Trivia / Dumbo

  • Cross-Dressing Voices: Casey Jr. is actually voiced by a woman, but used a vocoder to alter it into a male electronic voice.
  • Name's the Same: A meta example of this happens in the Japanese dub used in all home video releases of the film: The Preacher Crow is voiced by a much older voice actor named Yuuichi Nakamura. He's completely unrelated with the much younger one and with Yuichi Nakamura, a TV actor who played Yuto Sakurai/Kamen Rider Zeronos in Kamen Rider Den-O.
  • Old Shame: Was this to Walt, who produced this and The Reluctant Dragon on a whim to recover money from 1940's failures, and there was also the fact that it was made during the devastating 1941 studio strike—Walt also left to travel during South America during the bulk of the movies production, giving him less hands on involvement with the movie like he had with his previous films. He sent it to television rather early, and this was why Dumbo, along with Alice In Wonderland, were the only single-story animated films to be released on video prior to the 1984 management shift that saw Michael Eisner, Jeffrey Katzenberg and Frank Wells arrive at Disney. Ironically, Dumbo's one of the most popular Disney Animated Classics with both audiences and critics.

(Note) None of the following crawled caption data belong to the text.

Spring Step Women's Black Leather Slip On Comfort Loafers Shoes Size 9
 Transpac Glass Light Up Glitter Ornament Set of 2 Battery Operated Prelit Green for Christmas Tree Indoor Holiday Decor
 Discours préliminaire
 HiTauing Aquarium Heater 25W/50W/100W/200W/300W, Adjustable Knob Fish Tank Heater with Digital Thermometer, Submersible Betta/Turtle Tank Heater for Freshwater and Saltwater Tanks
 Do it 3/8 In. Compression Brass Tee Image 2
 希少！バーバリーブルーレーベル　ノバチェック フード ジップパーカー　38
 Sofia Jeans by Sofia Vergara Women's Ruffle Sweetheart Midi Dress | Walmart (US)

  • Playing Against Type: Normally Bill Tytla animated large imposing and often villainous characters, however for this film most of his animation was for the titular character a cute baby elephant, he reportedly did this to show his colleagues that he could do characters other than big scary villains.
  • Tribute to Fido: It is implied that Dumbo's father is Jumbo, a famous elephant that appeared first at the London Zoo then at the Barnum and Bailey Circus. Dumbo was supposed to be named Jumbo Junior, but ended up being known by a mocking nickname instead.
  • Unintentional Period Piece: Disney's first film set in the Present Day, Dumbo contains some generally subtle references to the contemporary 1940s, such as the line "I heard a fireside chat". The Spinning Paper at the end has a side story titled "Britain in Greatest Offensive" (with a smaller headline below reading, "Berlin Attacked as London Spurred By Lend-Lease Bill"). The newspaper itself is dated "Thursday, March 13, 1941", placing the events of the film in early 1941. However, following the 2017 closing of the Ringling Bros. and Barnum & Bailey Circus, the film's biggest example of this trope may be its setting in a traditional American-style circus, a setting which promises to look increasingly antiquated as the years go by.
  • What Could Have Been: This movie was originally going to get a Direct-to-Video sequel, but it was cancelled, and it may have been among the ones that got shot down by John Lasseter and his team. Though, considering the reputation of Direct-to-Video Disney sequels in general, this may have been for the best.
    • One might feel ridiculously tempted to add the Big Damn Heroes trope to John Lasseter and team for this action.
    • Dumbo was supposed to be just a short subject—but got expanded to a full movie because Disney was suffering a budget crisis and desperately needed money to stay afloat.
  • Write What You Know: The clowns singing "Hit the Big Boss (For a Raise)" was based on the Disney Animators' Strike in 1941.

  • At 64 minutes, this is the third shortest film period and the shortest single-story in the Disney Animated Canon.